Directions:
Each entry must be copied exactly, without omission.

Supplied data:

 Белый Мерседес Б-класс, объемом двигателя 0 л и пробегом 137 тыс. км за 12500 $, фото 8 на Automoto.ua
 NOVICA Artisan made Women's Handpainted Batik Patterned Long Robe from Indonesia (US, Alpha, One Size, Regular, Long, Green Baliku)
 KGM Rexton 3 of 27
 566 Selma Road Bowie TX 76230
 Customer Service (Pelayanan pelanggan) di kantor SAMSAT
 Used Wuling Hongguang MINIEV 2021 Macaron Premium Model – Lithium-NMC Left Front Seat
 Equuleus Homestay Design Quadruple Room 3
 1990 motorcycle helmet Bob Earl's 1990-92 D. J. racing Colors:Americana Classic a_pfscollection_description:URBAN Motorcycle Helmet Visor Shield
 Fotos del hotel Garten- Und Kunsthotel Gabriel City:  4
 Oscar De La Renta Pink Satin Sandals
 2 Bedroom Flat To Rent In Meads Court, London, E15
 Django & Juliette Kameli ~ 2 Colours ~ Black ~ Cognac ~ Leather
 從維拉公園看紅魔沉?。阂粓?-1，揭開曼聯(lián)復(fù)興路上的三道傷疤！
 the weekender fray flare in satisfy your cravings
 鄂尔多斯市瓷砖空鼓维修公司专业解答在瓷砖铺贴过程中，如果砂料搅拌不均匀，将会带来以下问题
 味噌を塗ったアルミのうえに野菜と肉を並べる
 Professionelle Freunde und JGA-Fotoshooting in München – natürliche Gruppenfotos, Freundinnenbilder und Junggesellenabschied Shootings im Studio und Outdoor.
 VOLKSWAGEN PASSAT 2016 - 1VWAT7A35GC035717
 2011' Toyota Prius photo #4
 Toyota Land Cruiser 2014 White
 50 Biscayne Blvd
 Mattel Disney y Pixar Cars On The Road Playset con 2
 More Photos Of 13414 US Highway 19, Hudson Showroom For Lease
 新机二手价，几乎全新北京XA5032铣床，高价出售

Final answer:
 Белый Мерседес Б-класс, объемом двигателя 0 л и пробегом 137 тыс. км за 12500 $, фото 8 на Automoto.ua
 NOVICA Artisan made Women's Handpainted Batik Patterned Long Robe from Indonesia (US, Alpha, One Size, Regular, Long, Green Baliku)
 KGM Rexton 3 of 27
 566 Selma Road Bowie TX 76230
 Customer Service (Pelayanan pelanggan) di kantor SAMSAT
 Used Wuling Hongguang MINIEV 2021 Macaron Premium Model – Lithium-NMC Left Front Seat
 Equuleus Homestay Design Quadruple Room 3
 1990 motorcycle helmet Bob Earl's 1990-92 D. J. racing Colors:Americana Classic a_pfscollection_description:URBAN Motorcycle Helmet Visor Shield
 Fotos del hotel Garten- Und Kunsthotel Gabriel City:  4
 Oscar De La Renta Pink Satin Sandals
 2 Bedroom Flat To Rent In Meads Court, London, E15
 Django & Juliette Kameli ~ 2 Colours ~ Black ~ Cognac ~ Leather
 從維拉公園看紅魔沉?。阂粓?-1，揭開曼聯(lián)復(fù)興路上的三道傷疤！
 the weekender fray flare in satisfy your cravings
 鄂尔多斯市瓷砖空鼓维修公司专业解答在瓷砖铺贴过程中，如果砂料搅拌不均匀，将会带来以下问题
 味噌を塗ったアルミのうえに野菜と肉を並べる
 Professionelle Freunde und JGA-Fotoshooting in München – natürliche Gruppenfotos, Freundinnenbilder und Junggesellenabschied Shootings im Studio und Outdoor.
 VOLKSWAGEN PASSAT 2016 - 1VWAT7A35GC035717
 2011' Toyota Prius photo #4
 Toyota Land Cruiser 2014 White
 50 Biscayne Blvd
 Mattel Disney y Pixar Cars On The Road Playset con 2
 More Photos Of 13414 US Highway 19, Hudson Showroom For Lease
 新机二手价，几乎全新北京XA5032铣床，高价出售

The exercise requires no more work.